Thursday, February 22, 2007

The humble art of the bucket bath


Water is a precious commodity in much of the world. Even water that isn’t exactly potable. Or transparent. Or nice-smelling. Just water that is wet is often good enough.

In a country like Tanzania, where the coastal areas receive 43 inches of water per year and mud is such an integral feature of the landscape for several months of the year, it is sadly ironic that water should still be such a precious commodity. Dar es Salaam has a fleet of bright blue trucks labeled “Maji Safi” (Clean Water) that drive all over the city delivering water to—and other blue trucks labeled “Maji Taka” (Dirty Water) taking effluent away from—homes that aren’t connected to the city water supply.

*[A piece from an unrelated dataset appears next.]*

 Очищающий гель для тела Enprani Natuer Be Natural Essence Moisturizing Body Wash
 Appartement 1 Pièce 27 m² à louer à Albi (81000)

The lightweight plastic bucket has revolutionized life for people in much of the world, especially in Africa where water can be the limiting factor between life and death, and where distances from water sources to homes can be large. In many African societies it is women who assume the laborious job of carrying water to their homes, often atop their heads. Even small girls can carry more than their weight in water on their heads – an admirable feat in my opinion, as I seem to trip over my own feet even without a heavy burden on my head.

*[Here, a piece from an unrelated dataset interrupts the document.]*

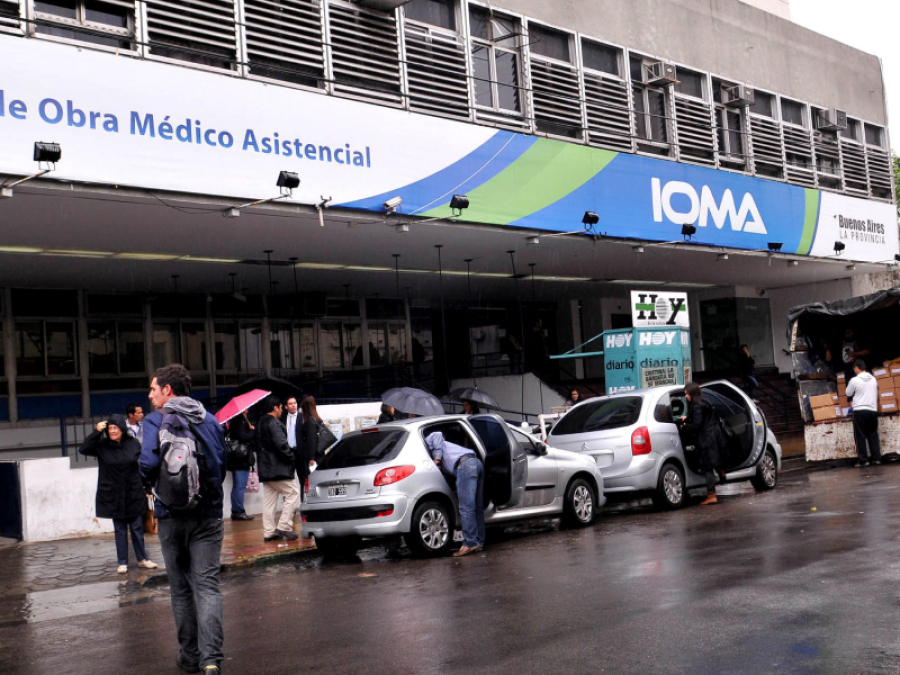 Médicos de La Plata reclamaron a IOMA un aumento de las prácticas ambulatorias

Those who can afford to keep water around do. Many households keep large black plastic cisterns of sizes ranging from 1000 liters to more than 50000 liters in the yard or on the roof. Since the problem seems more one of distribution than pure scarcity (there is plenty of rain, too much mud, and not enough water for daily life), I am a particular fan of rainwater catchment systems, which work if you have a decent roof surface area and enough money for the pipes to collect runoff from your roof and channel it into your cistern, from which it is pumped into your home or drawn from a spigot at the bottom of the tank.

It has been good preparation for my life ahead doing fieldwork to get used to bucket baths early. For most of the past 3 weeks there has been no running water, a problem Shekha attributes to the road work going on in the area. Indeed, there is frequently pooled water in the streets from broken pipes, yet none in the house (again, a distribution problem!). So we have been taking bucket baths for the past three weeks. The picture above is the actual bucket and the actual bathroom.

Bucket bathing is something one easily gets used to, and seeing how little water is required for an adequate bath has made me painfully aware how much water is wasted in showering, particularly showers of the 30-minute-plus variety. One morning I woke up, sweaty from the night before without electricity, to find not a drop of water in the buckets in the bathroom, and no idea where the neighborhood communal tap was to retrieve water myself (this is a task Ahmed typically performs). Then I remembered a single 12-ounce bottle of water in my room from a conference the week before. Believe it or not, I took a whole bath with 12 ounces of water (of course, I had to use the first 6 ounces 3 times!). While it took a lot of effort and wasn’t particularly pleasurable, it sufficed, I was clean, and it gave me a new appreciation for the kinds of things we take for granted – and the resources we waste – on a daily basis.